A while back I decided to bake a load of plain soda bread as an alternative to the usual cheesy variety, in readiness for my family’s visit.
I’d successfully made some a couple of weeks before, using a really quick and easy recipe. I thought it very tasty. Yum yum.
So, I set out my weighing scales, mixing bowls, utensils and all of the ingredients, put the oven on to warm up, and set to, to follow the recipe again. After adding each of the ingredients I put its container back in the cupboard or fridge.
When the dough was made and I was about to form it into 4 separate loaves I happened to glance at the jar of honey next to the mixing bowl.
Ooooops, I’d forgotten the teaspoonful of honey which should have been mixed with the other “wet” things before adding to the dry mix.
Disaster was threatening...
Not really, as I had just about enough in the freezer anyway, so I could have kept the failed loaves for myself and given them the original good ones.
So I baked them.
I froze 3 and kept one out to try a slice with my dinner.
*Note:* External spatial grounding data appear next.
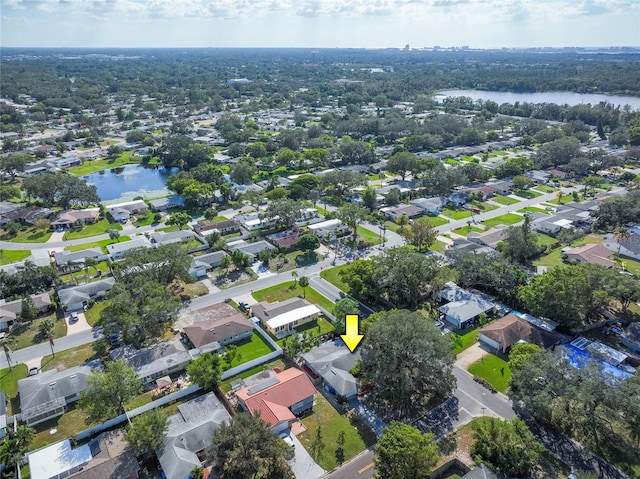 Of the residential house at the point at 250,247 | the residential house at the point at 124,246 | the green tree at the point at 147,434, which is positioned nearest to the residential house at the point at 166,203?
the residential house at the point at 124,246

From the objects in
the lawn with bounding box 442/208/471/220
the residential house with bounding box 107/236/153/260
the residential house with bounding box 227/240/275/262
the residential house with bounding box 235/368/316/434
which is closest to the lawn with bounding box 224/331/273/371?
the residential house with bounding box 235/368/316/434

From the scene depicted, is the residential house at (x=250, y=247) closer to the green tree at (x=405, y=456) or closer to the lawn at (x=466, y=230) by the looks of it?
the lawn at (x=466, y=230)

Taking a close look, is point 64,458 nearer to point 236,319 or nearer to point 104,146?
point 236,319

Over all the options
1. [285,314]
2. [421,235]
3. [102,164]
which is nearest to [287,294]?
[285,314]

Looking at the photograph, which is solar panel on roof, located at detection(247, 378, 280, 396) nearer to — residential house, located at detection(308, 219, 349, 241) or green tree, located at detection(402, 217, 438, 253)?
green tree, located at detection(402, 217, 438, 253)

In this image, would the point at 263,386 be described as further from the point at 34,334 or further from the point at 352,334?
the point at 34,334

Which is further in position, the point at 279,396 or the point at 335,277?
the point at 335,277

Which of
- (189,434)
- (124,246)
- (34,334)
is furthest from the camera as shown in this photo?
(124,246) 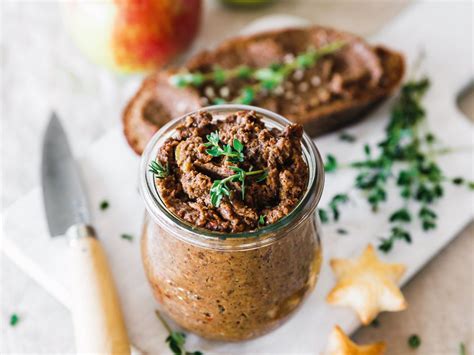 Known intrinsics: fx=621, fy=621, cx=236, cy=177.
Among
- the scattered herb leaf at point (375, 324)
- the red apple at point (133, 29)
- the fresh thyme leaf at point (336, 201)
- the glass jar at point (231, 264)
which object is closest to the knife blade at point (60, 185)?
the glass jar at point (231, 264)

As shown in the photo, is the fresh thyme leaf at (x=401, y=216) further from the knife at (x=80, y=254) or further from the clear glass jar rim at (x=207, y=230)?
the knife at (x=80, y=254)

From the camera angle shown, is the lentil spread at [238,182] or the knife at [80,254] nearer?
the lentil spread at [238,182]

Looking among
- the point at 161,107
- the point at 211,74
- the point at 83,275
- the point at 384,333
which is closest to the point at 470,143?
the point at 384,333

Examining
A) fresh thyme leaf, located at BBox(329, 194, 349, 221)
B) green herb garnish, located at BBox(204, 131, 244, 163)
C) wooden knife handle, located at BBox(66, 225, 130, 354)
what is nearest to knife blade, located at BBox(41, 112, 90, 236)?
wooden knife handle, located at BBox(66, 225, 130, 354)

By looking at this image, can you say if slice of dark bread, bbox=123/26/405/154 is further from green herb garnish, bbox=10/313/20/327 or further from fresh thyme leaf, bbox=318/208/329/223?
green herb garnish, bbox=10/313/20/327

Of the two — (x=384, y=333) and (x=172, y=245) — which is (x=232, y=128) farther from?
(x=384, y=333)

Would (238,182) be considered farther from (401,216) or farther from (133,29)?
(133,29)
It was fine, just normal soda bread, not quite as yummy as the one with the tiny amount of honey or the cheesy one, but fine even so. Actually it makes excellent toast or garlic bread so is better than the others in some ways, and the other varieties are better in different ways.
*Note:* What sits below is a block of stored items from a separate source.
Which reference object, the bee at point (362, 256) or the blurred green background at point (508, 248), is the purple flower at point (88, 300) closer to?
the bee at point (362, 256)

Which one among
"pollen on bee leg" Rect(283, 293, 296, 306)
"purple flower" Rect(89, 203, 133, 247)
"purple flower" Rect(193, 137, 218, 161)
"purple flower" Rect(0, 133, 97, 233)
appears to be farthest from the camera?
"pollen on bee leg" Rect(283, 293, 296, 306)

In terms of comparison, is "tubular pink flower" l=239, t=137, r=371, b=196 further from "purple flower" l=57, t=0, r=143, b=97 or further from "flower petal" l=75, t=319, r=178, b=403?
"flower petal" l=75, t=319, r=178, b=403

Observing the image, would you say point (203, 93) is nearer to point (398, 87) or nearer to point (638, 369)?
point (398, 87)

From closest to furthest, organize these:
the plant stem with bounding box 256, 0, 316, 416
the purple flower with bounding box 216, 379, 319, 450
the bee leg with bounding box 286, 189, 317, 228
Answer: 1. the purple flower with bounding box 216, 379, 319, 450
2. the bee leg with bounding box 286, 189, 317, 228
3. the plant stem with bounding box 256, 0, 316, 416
Why on earth is she going on about this? I can imagine you asking.
Well, in my previous embodiment up to about 9 years ago (so pre Gupta for me), I would have got annoyed (very) and upset with myself. It would have wound me up: my perfectionist part would have been nattering on at me to abandon that batch and start again but include the honey this time. In spite of it being a hot and muggy day, it being my lunch time by then, and I also had other things I wanted to do.
It would have been a conflict between self and parts.
Instead, I just went with the flow, and all worked out well in the end.
So it occurs to me that often what we think is a mistake, even a possible disaster, turns out OK if we can keep our cool and go with the flow. Using Gupta techniques to help, until we are fully recovered at which point we can go with the flow like I did. After all, going with the flow is very Gupta’esque in itself.
I had done my best and left the rest. As the honey jar reminded me! But my best was good enough for success.
Having been forced to stop working aged 53 due to CFS, I was later diagnosed with Fibromyalgia as well. (With the added challenges of hypersensitivity to chemicals, smells, various foodstuffs, bright light, noise, etc.)